## DATA
--*--
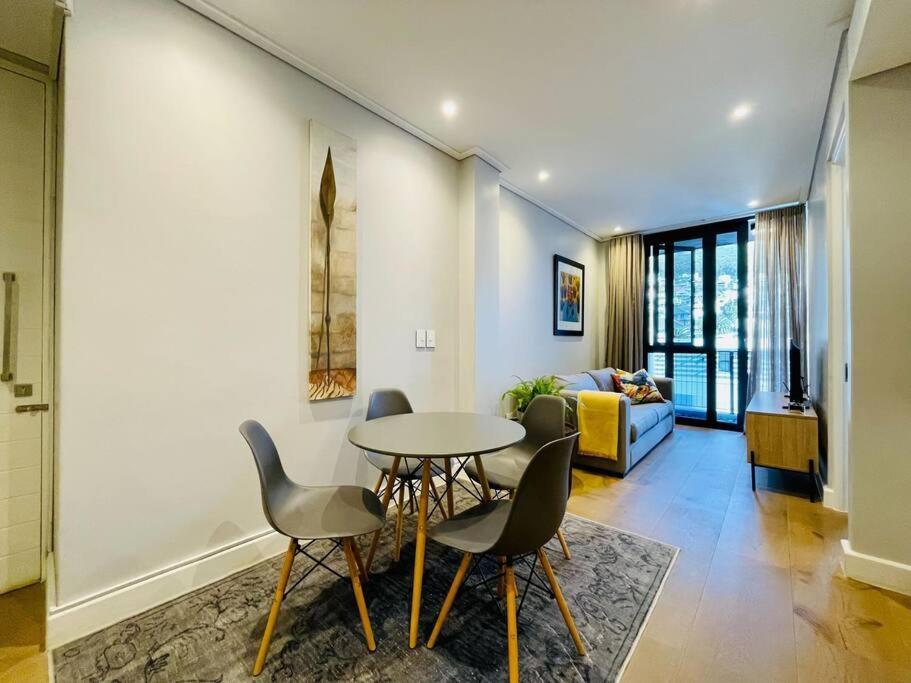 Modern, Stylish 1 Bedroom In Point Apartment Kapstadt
--*--
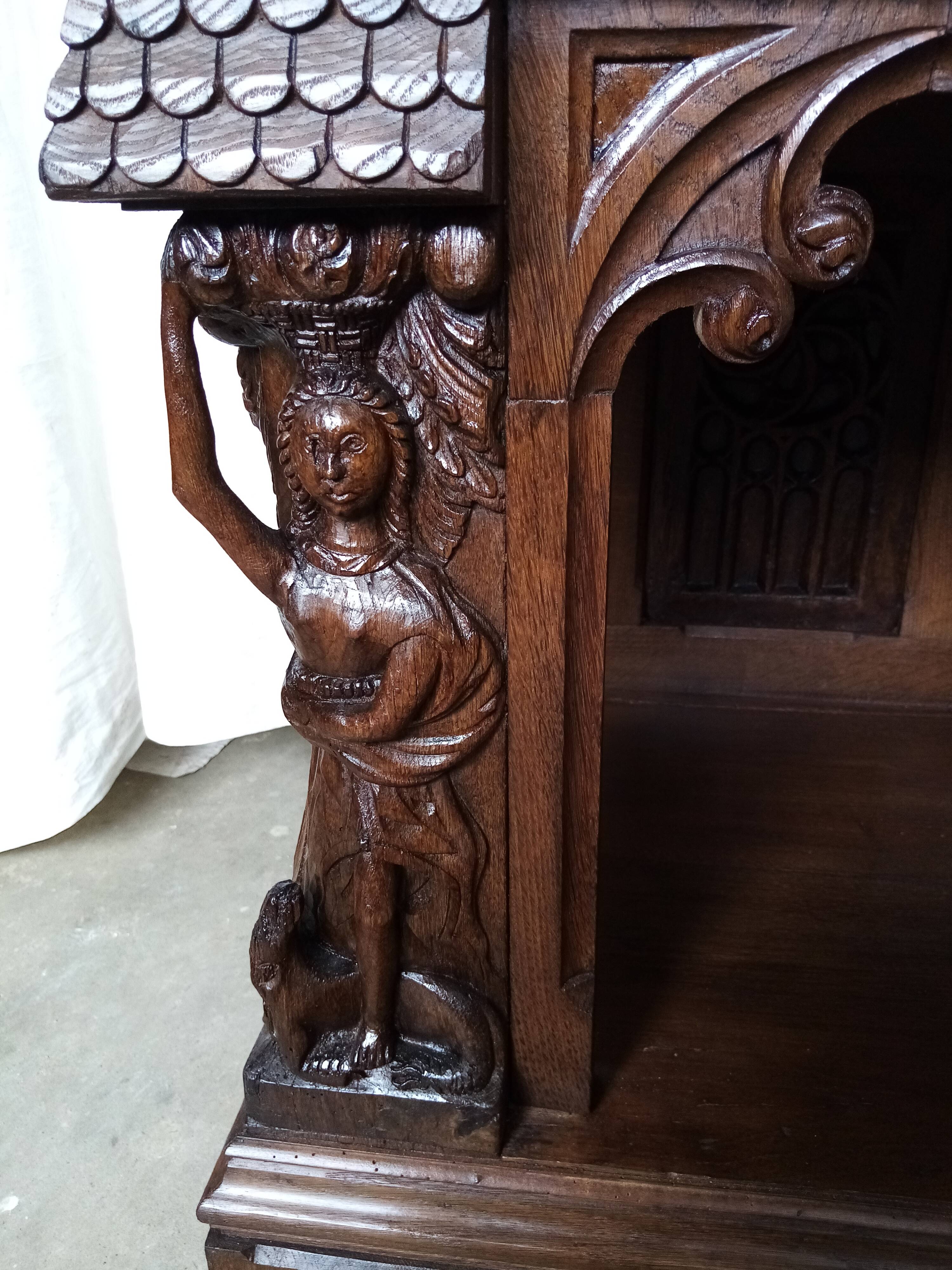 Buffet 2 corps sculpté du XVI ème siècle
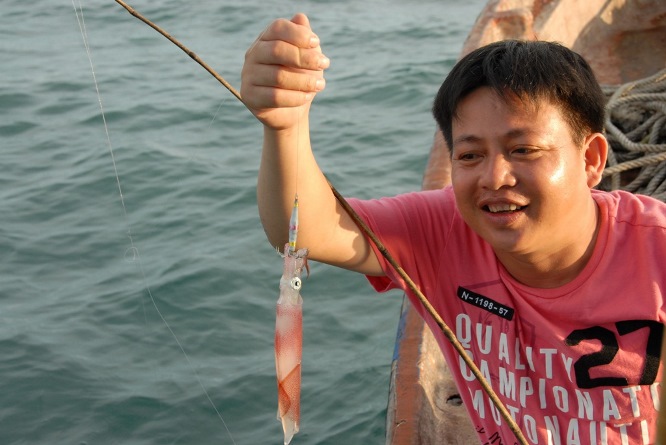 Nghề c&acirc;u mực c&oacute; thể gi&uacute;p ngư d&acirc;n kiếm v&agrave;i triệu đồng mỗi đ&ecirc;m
--*--
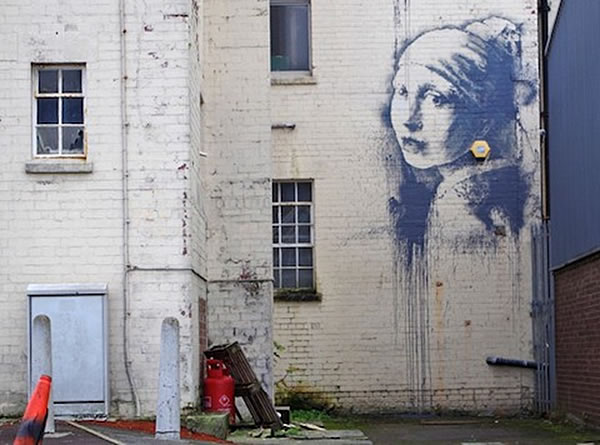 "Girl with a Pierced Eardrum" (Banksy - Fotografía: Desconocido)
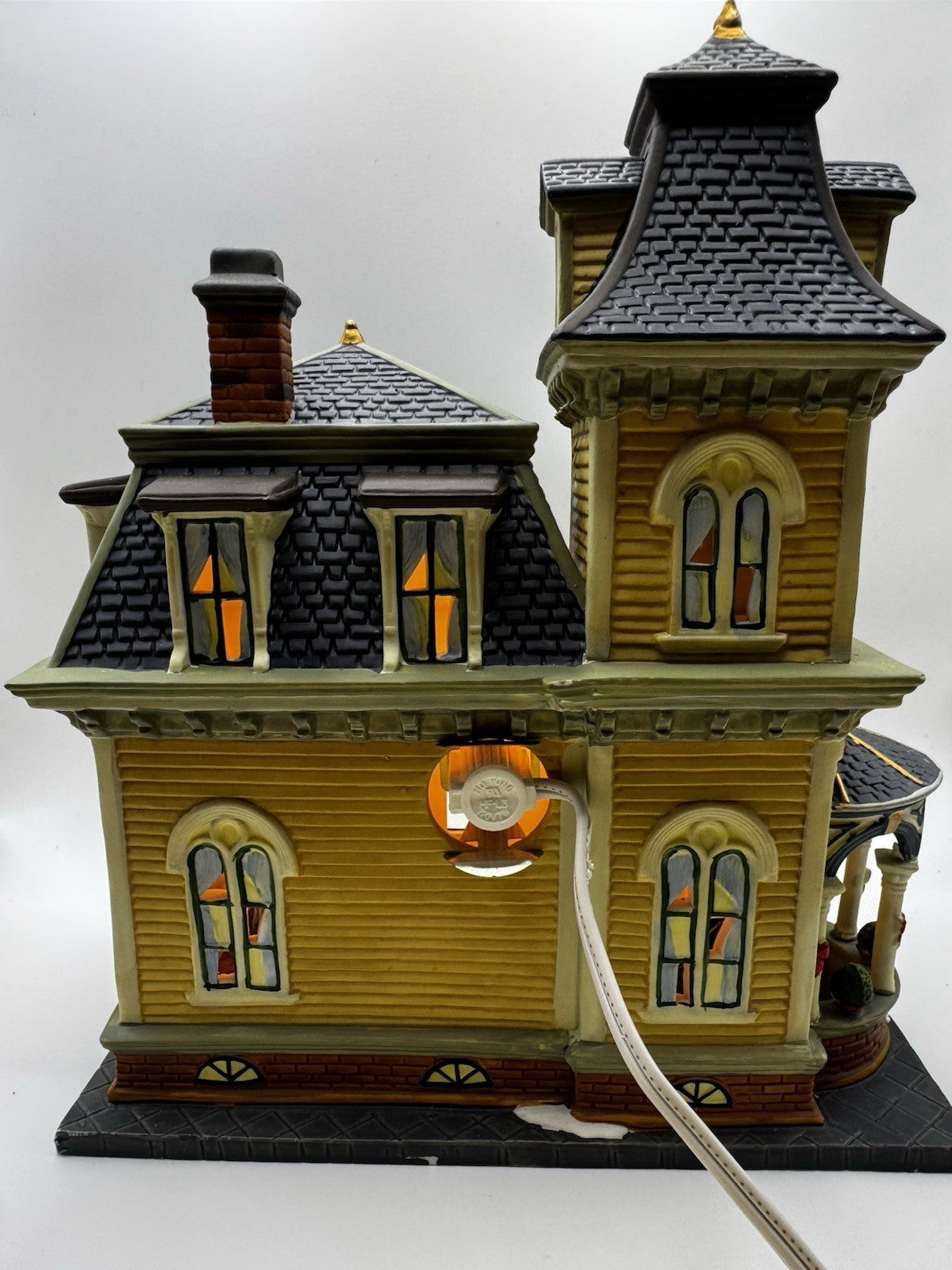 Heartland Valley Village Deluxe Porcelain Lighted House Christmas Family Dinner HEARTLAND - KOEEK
--*--
## TASK DETAILS
With the pictures omitted, print the lines above exactly, beginning at the line with "- Fotografía: Desconocido)" and going on through the line with "Heartland Valley Village".

## SOLUTION
 "Girl with a Pierced Eardrum" (Banksy - Fotografía: Desconocido)
 Heartland Valley Village Deluxe Porcelain Lighted House Christmas Family Dinner HEARTLAND - KOEEK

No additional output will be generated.